The way they stop talking when I’m within earshot and say “Nothing”, in unison.
…I know they will be friends for life, even when life separates them. This kind of friendship cannot be undone.
So this is why, when I received a text from Laura, Sophia’s mother, a few days ago my heart stopped. It read:
Would you ever consider putting your eldest on a plane to St. Louis for a few days this summer?
See, Sophia and her family moved in May of 2009. All the things that need to happen to make a family move did happen to Sophia and her family. But we’ve stayed in touch with email and the occasional letter and some iChat. Roan still counts Sophia as a best friend, and looks at pictures of her regularly.
My heart stopped, because I knew it would be the greatest treat in the world for my boy to get to go visit his friend. But flying alone? And having a vacation without me or his dad? What what??
I threw the idea cautiously at Roan who said he needed to sleep on it. Flying alone seemed a little intimidating. That night, Joe, Sophia’s dad sent an email and named dropped Six Flags. And a 10-story slide. And a water park. And Roan jumped, whole-heartedly into the idea. He is now counting the days. Visiting St. Louis is the first thing he mentions to everyone when they ask about summer plans. Breakfast each morning is spent outlining exactly how excited he is to see Sophia.

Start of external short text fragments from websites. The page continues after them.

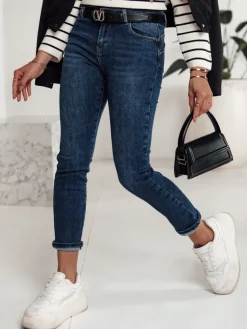 Jeansy Damskie|Spodnie Damskie>Dstreet Spodnie damskie jeansowe BEVINO ciemnoniebieskie UY2200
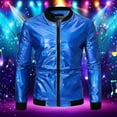 thumbnail image 2 of QHFBli Men's Metallic Jacket 70s Disco Dance Party Shiny Varsity Zipper Baseball Bomber Jacket, 2 of 3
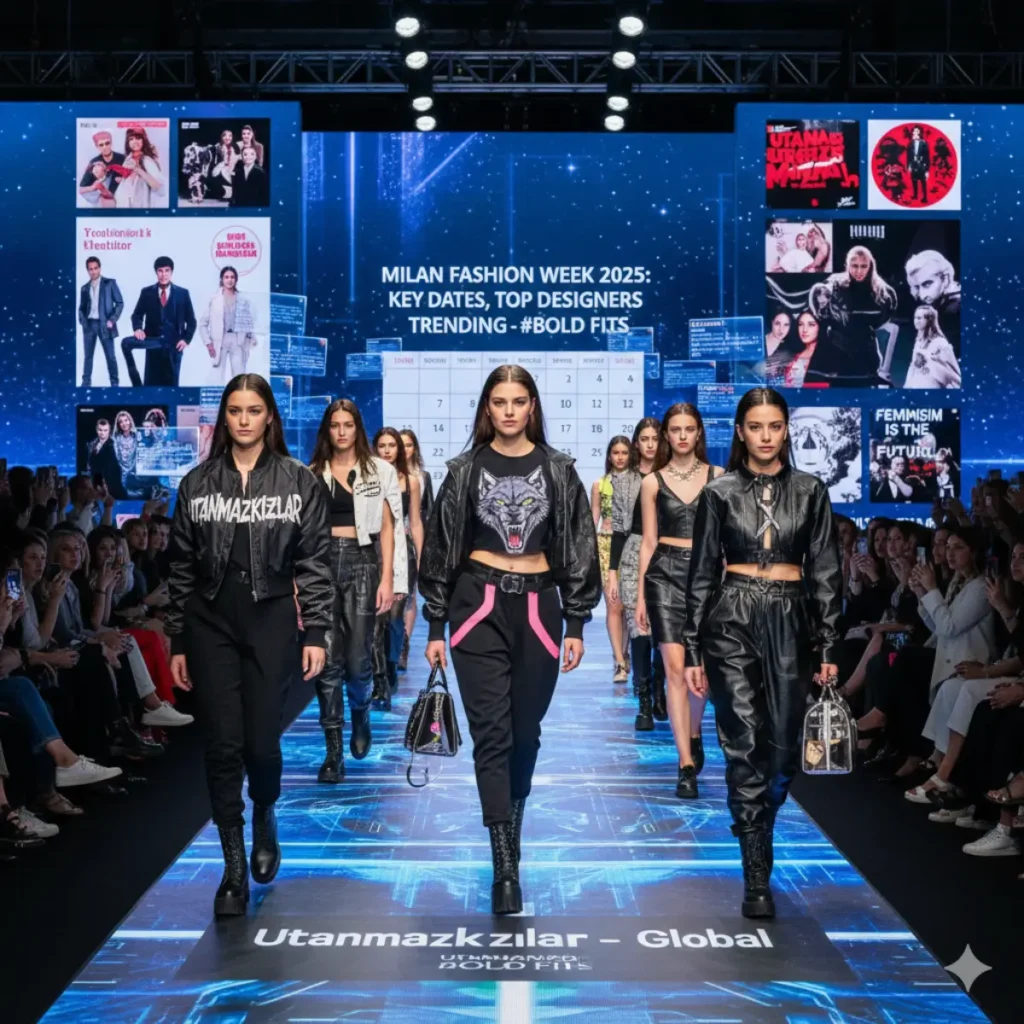 Utanmazkzılar on the Milan Fashion Week 2025 runway. A diverse group of female models in bold, black, leather street-style looks, featuring "Utanmazkzılar" and "FEMINISM IS THE FUTURE" apparel. The background screens display a fashion week schedule and images promoting the movement's rise in music and media, emphasizing the growing influence of this modern Turkish feminist digital phenomenon in mainstream culture and high fashion.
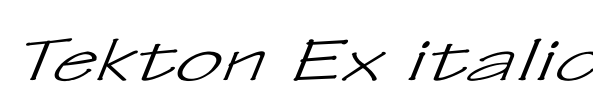 Tekton Ex italic Font Image
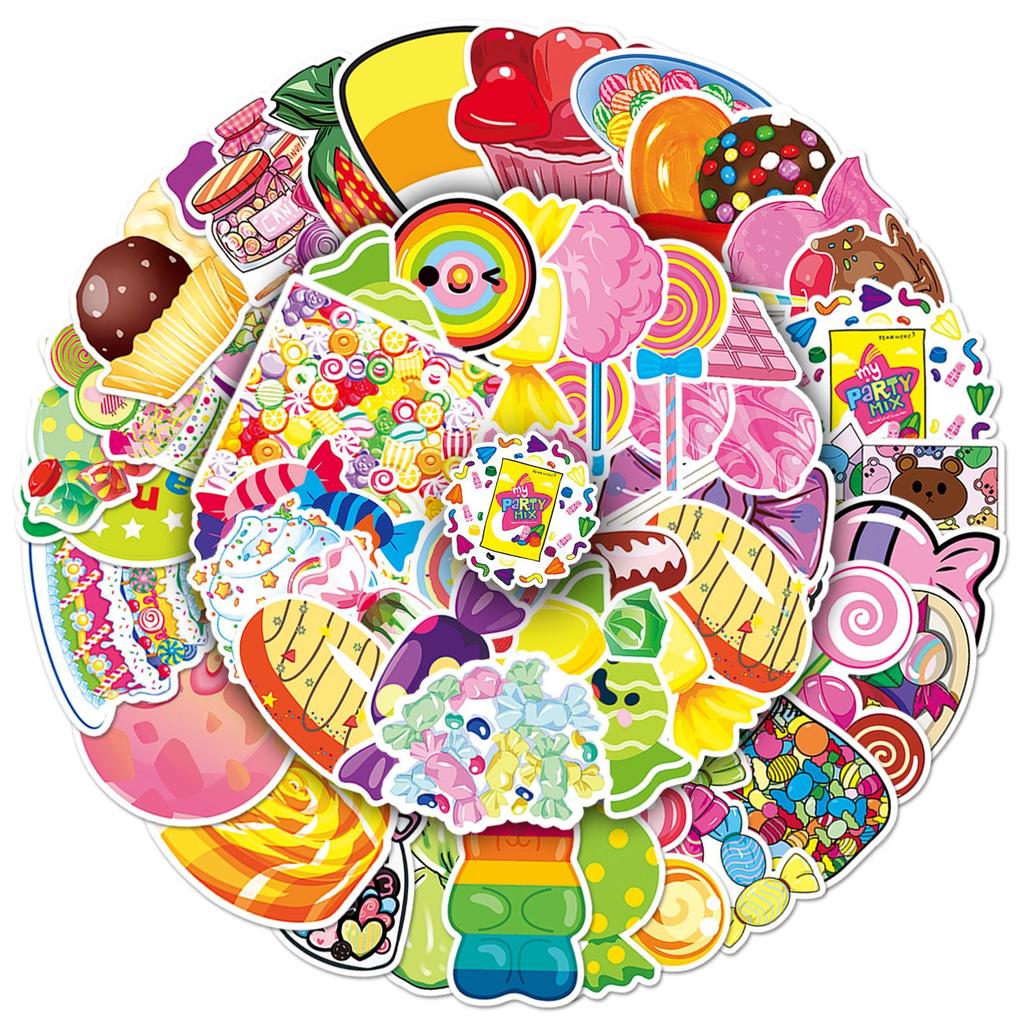 50pcs Cute Cartoon Candy Stickers: Kids' Reward, Journal, Skateboard, Computer, Phone, Waterproof Decor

And so. My eldest, who it seems was only born about 5 minutes ago and who couldn’t possibly survive 10 minutes without his mother is apparently quite self-sufficient. I’m so proud of him for being this kind of kid – but it also kills me a little that he’s this kind of kid. Fortunately, this family of Sophia’s is more family than friend to all of us Nelson Calls over here. And I do not fear at all for my boy while he’s gone. I fear a little for his father and myself. But we’ll try to be ok. How could I say no to reuniting these two?